Paolo Pellegrin/Magnum Photos

Ziglab Lake, Jordan, 2009

On August 19, a convocation of some sixty leading Muslim clerics and religious scholars from around the planet, spurred by the growing siege of climate disasters affecting the world’s 1.6 billion Muslims, issued an Islamic Declaration on Global Climate Change. It was far shorter than Pope Francis’s much discussed encyclical issued early in the summer, but it arrived in much the same spirit:

Our species, though selected to be a caretaker or steward [*khalifah*] on the earth, has been the cause of such corruption and devastation on it that we are in danger of ending life as we know it on our planet. This current rate of climate change cannot be sustained, and the earth’s fine equilibrium [*mīzān*] may soon be lost.

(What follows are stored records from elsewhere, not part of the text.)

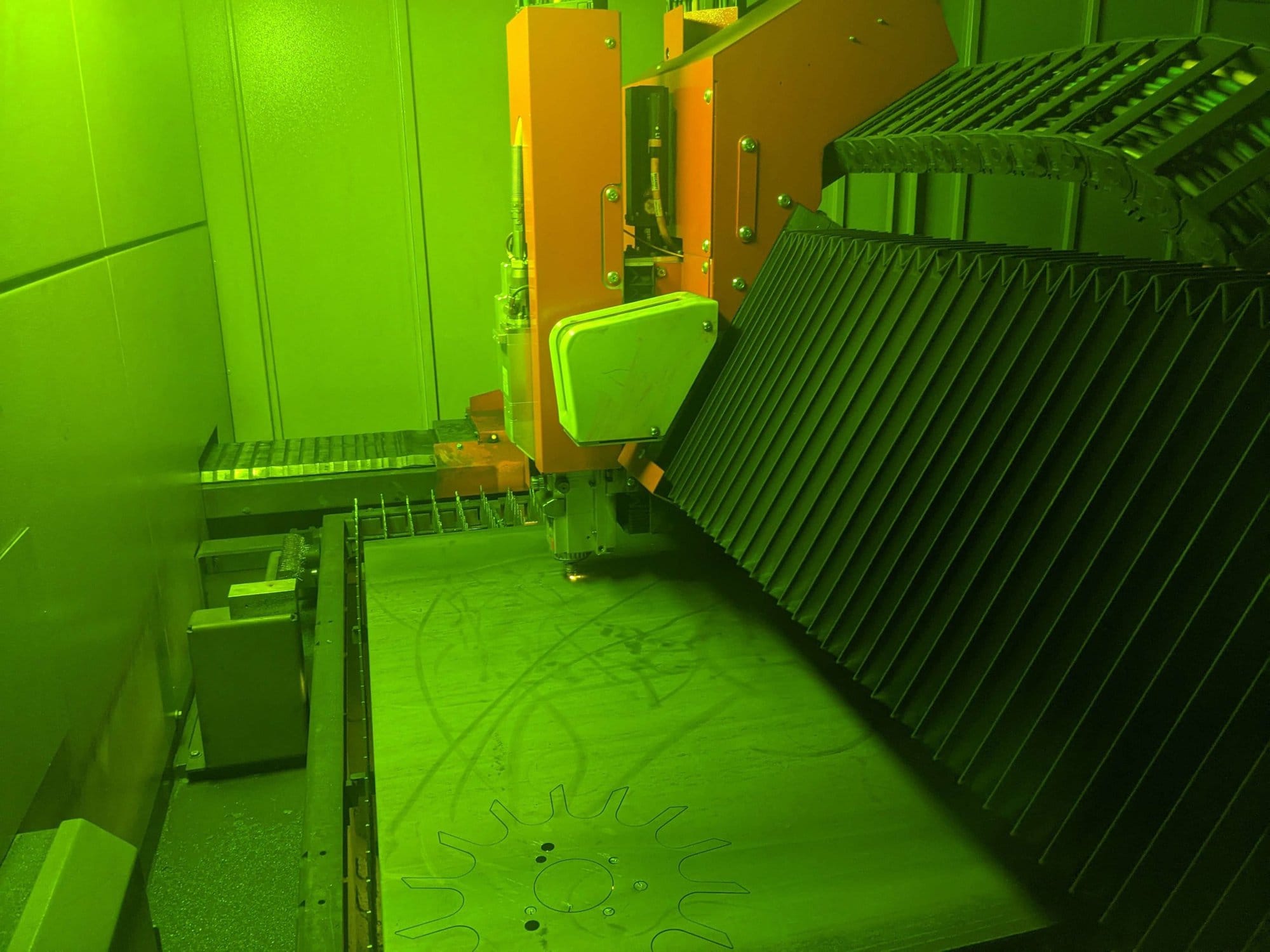 6000 Watt Bystronic Bystar 3015 Fiber Laser, 2017 - 5' x 10' Table, 7,309 Cutting Hours, Inspection Report Available - Image 4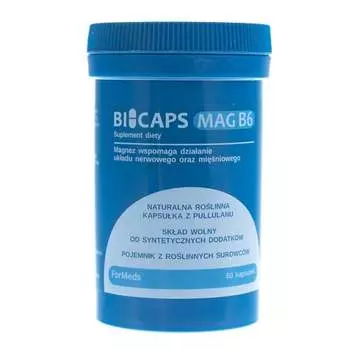 Bicaps Mag B6 Formeds, 60 капсул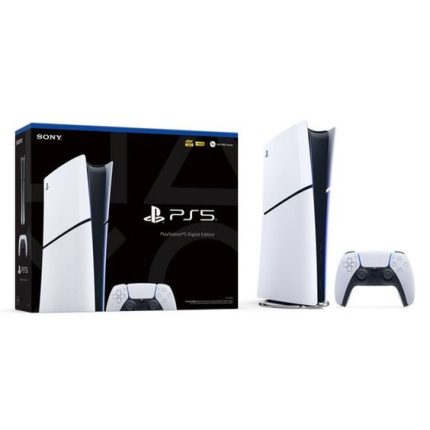 Console PS5 Slim – Édition Digitale | immersive.ma | Maroc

The signers of the statement include the grand muftis of Uganda and Lebanon, scholars from leading universities, and several leaders of the main Islamic disaster relief charities. It cites Koranic chapter and verse, as well as hadith, or sayings, of the Prophet. And from them it constructs a series of postulates at least as provocative as Francis’s. Like the pope, these scholars are dubious about “the relentless pursuit of economic growth and consumption,” and believe that “an urgent and radical reappraisal is called for.” In fact, on particular points of current political controversy they offer more direct recommendations. To wit:

• They express “alarm” at “the multi-national scramble now taking place for more fossil fuel deposits under the dissolving ice caps in the arctic regions,” noting correctly that “we are accelerating our own destruction through these processes.” (A warning that comes the week before President Obama heads to Alaska, where he will presumably try to offer some justification for allowing Shell to drill in the Chukchi Sea.)

• They insist that world leaders meet the two-degree Celsius target for limiting temperature increases, or “preferably 1.5 degrees.” (These recommendations come as climate scientists led by Jim Hansen warn that a two-degree increase would in fact doom the planet to a dangerous rise in sea level—and as early pledges for December’s Paris climate talks indicate that the world’s governments are still on track to raise the mercury three or four degrees Celsius.)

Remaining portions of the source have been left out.